■ **Task goal**:
Only the lines below from the one that holds "Shop Authentic Tag" through the one that holds "Leathercraft's Montrose 759-CS" should appear in the answer, copied exactly, end lines included and pictures omitted.

■ **Data provided**:

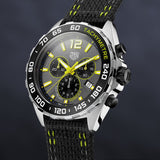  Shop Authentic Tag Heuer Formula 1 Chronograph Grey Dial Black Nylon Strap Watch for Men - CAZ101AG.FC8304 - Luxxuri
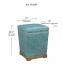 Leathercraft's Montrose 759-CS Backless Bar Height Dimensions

==

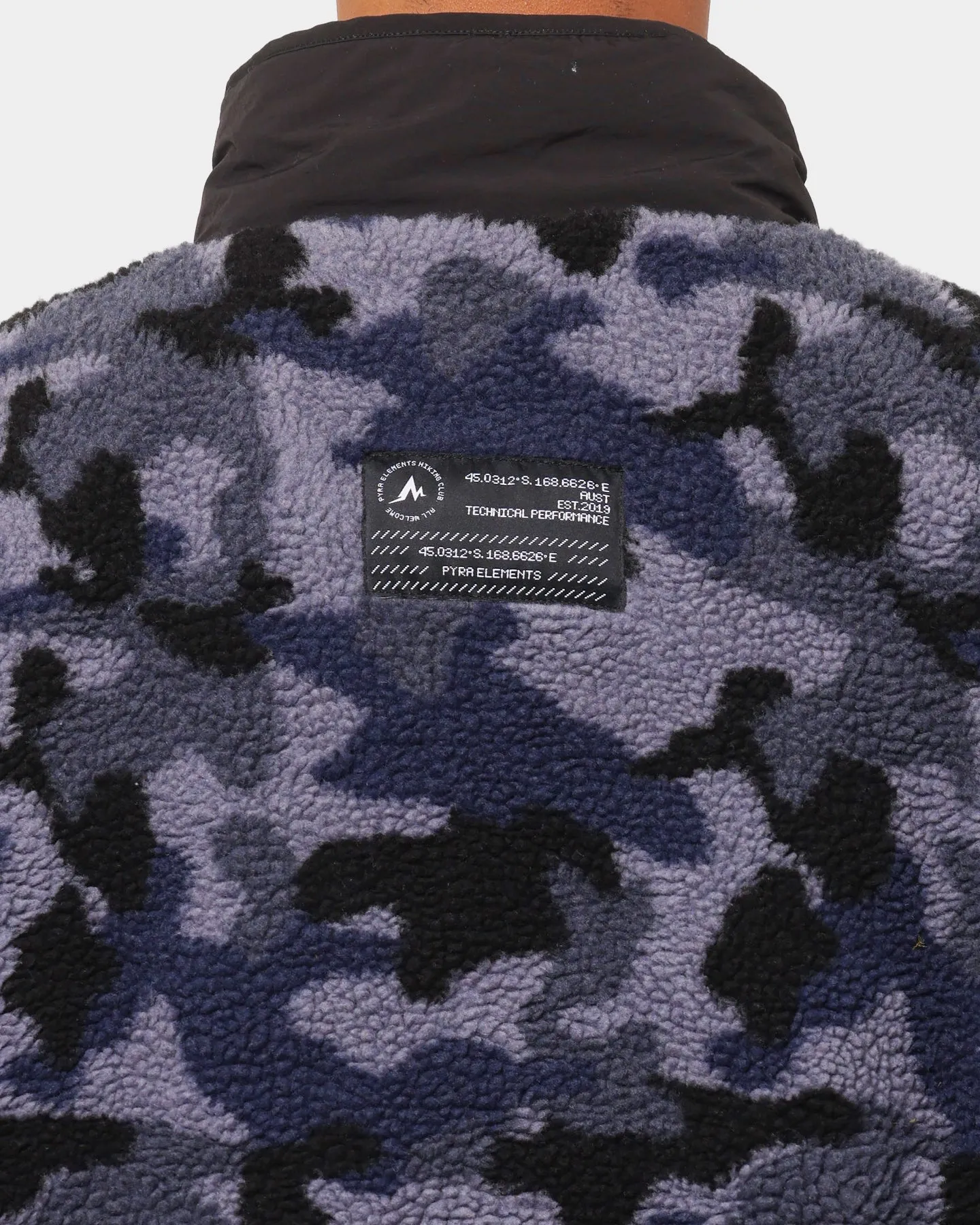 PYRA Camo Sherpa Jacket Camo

■ **Response to this exercise**:
  Shop Authentic Tag Heuer Formula 1 Chronograph Grey Dial Black Nylon Strap Watch for Men - CAZ101AG.FC8304 - Luxxuri
 Leathercraft's Montrose 759-CS Backless Bar Height Dimensions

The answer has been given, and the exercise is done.